Content starts

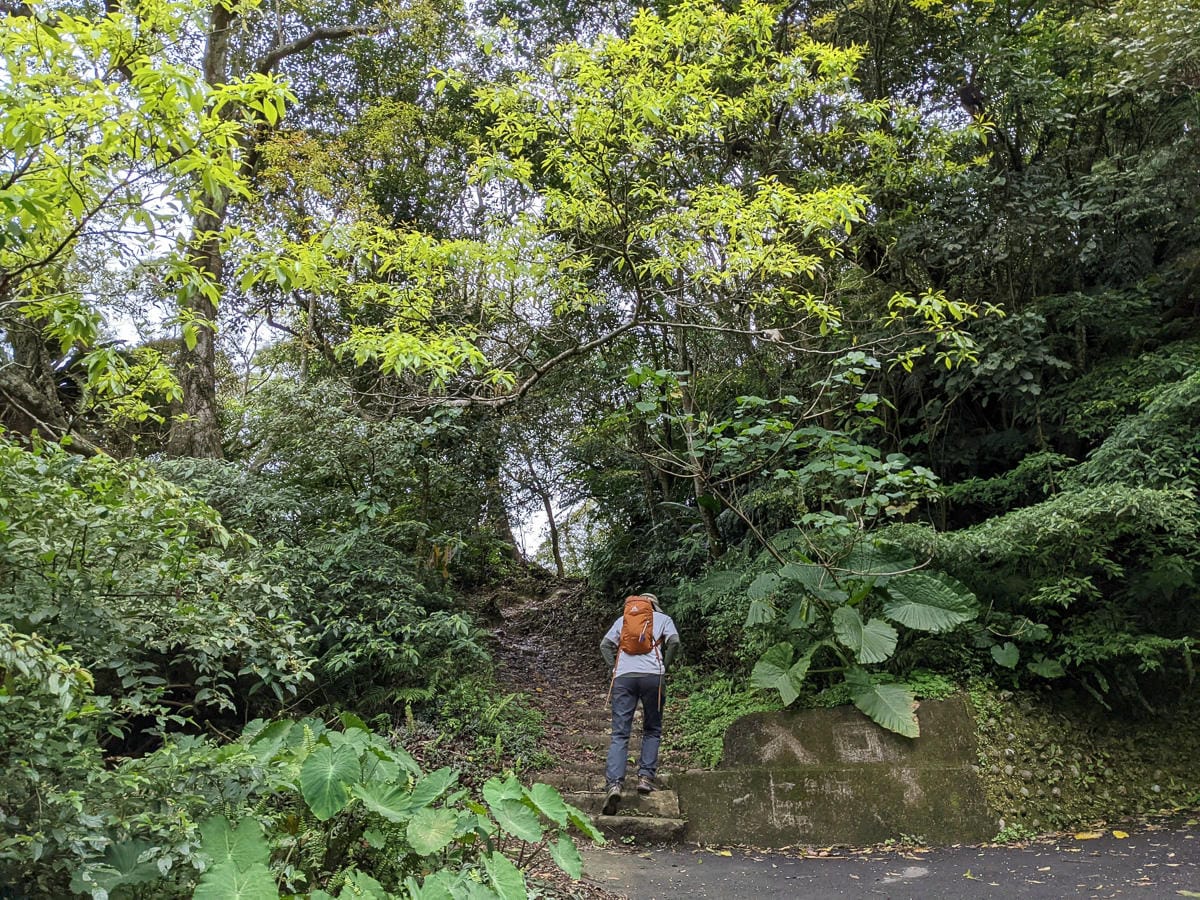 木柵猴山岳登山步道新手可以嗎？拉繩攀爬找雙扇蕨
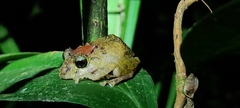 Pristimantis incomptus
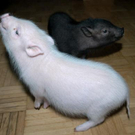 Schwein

Content ends
Content starts

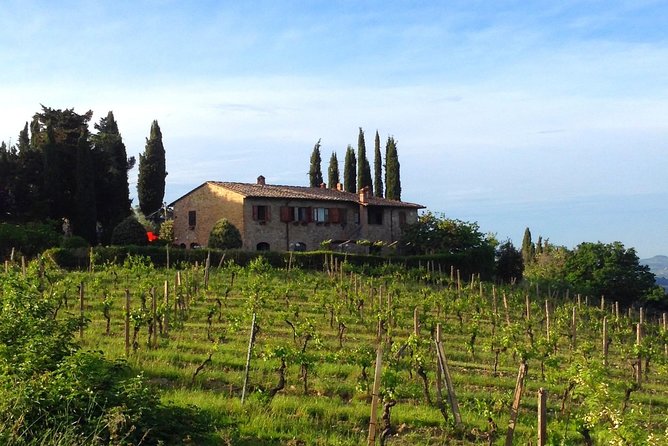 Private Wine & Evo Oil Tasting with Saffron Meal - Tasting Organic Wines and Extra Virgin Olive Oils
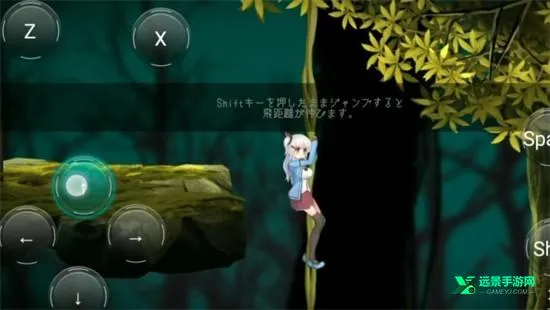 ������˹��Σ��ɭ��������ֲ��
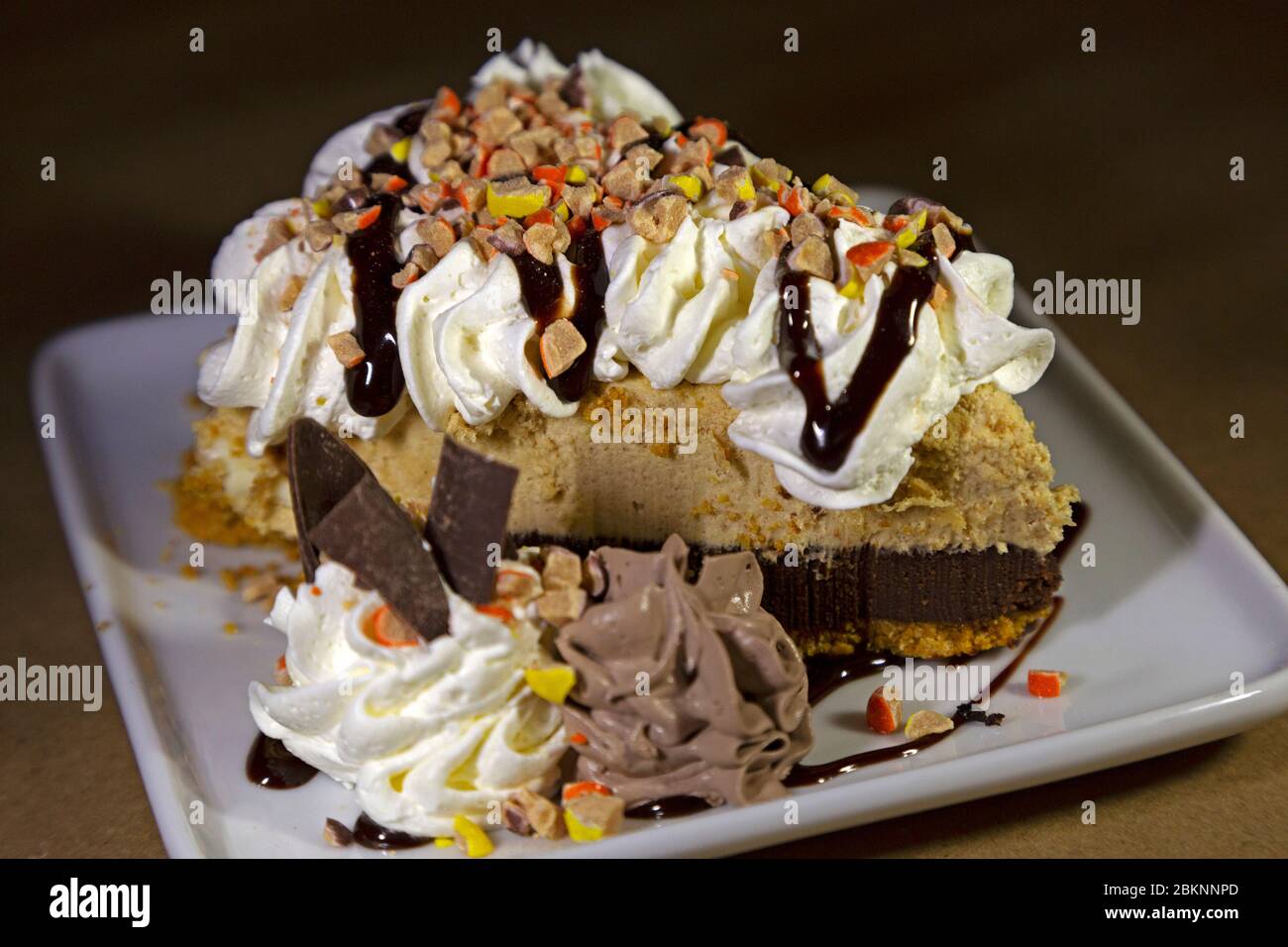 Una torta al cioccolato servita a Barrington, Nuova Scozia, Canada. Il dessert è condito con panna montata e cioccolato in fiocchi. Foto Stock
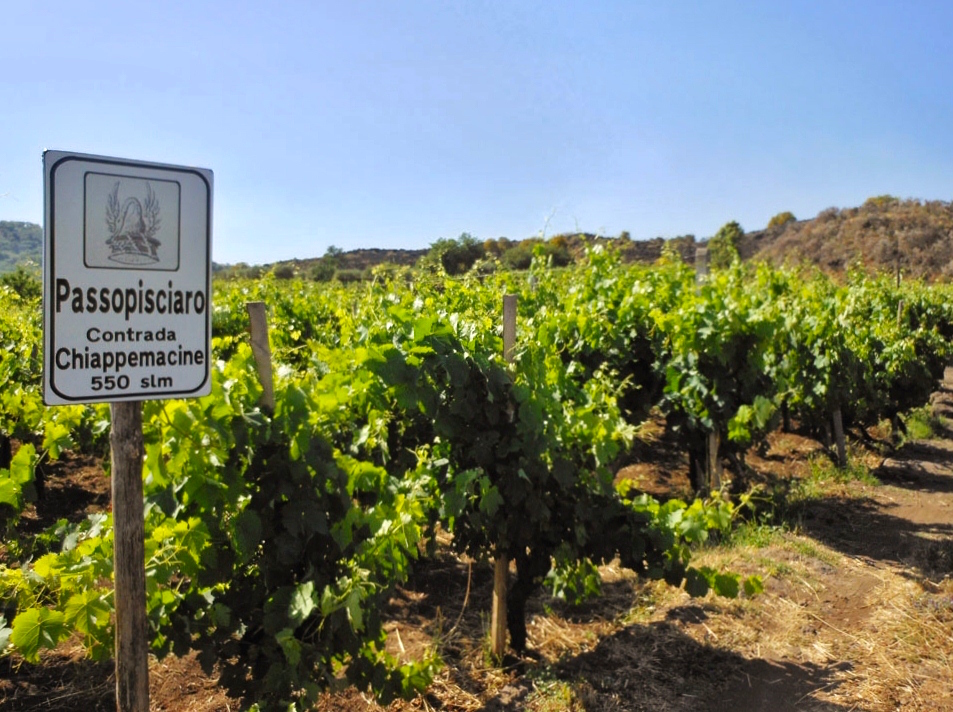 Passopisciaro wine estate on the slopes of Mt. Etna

Content ends
Content starts

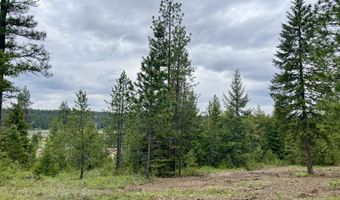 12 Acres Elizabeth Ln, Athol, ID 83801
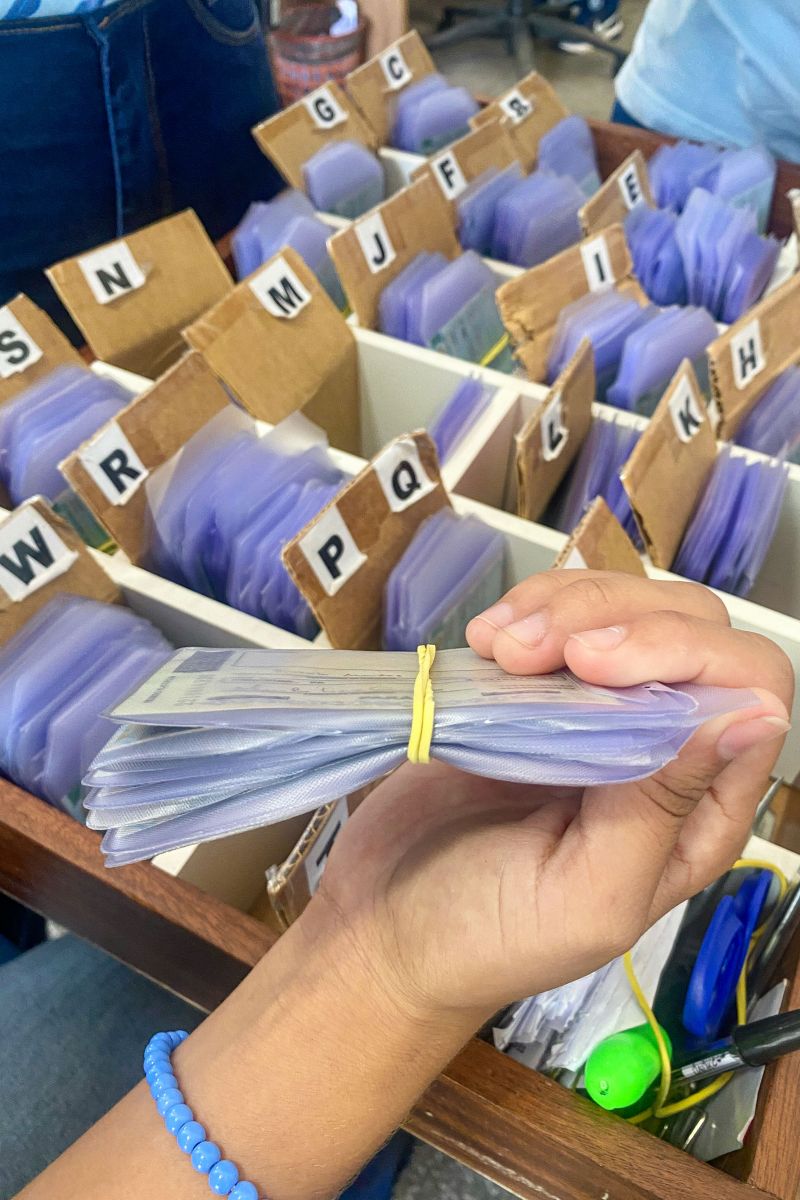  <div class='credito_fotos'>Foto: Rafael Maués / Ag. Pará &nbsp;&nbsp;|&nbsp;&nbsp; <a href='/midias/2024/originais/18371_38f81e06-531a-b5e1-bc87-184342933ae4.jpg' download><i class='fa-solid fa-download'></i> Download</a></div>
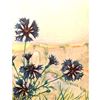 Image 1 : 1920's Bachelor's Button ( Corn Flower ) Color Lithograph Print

Content ends

Task description:
Using the records above, print exactly the lines between the ones containing "12 Acres Elizabeth Ln, Athol, ID 83801" and "Image 1 : 1920's", inclusive, and nothing else; no pictures.

Solved problem:
 12 Acres Elizabeth Ln, Athol, ID 83801
  <div class='credito_fotos'>Foto: Rafael Maués / Ag. Pará &nbsp;&nbsp;|&nbsp;&nbsp; <a href='/midias/2024/originais/18371_38f81e06-531a-b5e1-bc87-184342933ae4.jpg' download><i class='fa-solid fa-download'></i> Download</a></div>
 Image 1 : 1920's Bachelor's Button ( Corn Flower ) Color Lithograph Print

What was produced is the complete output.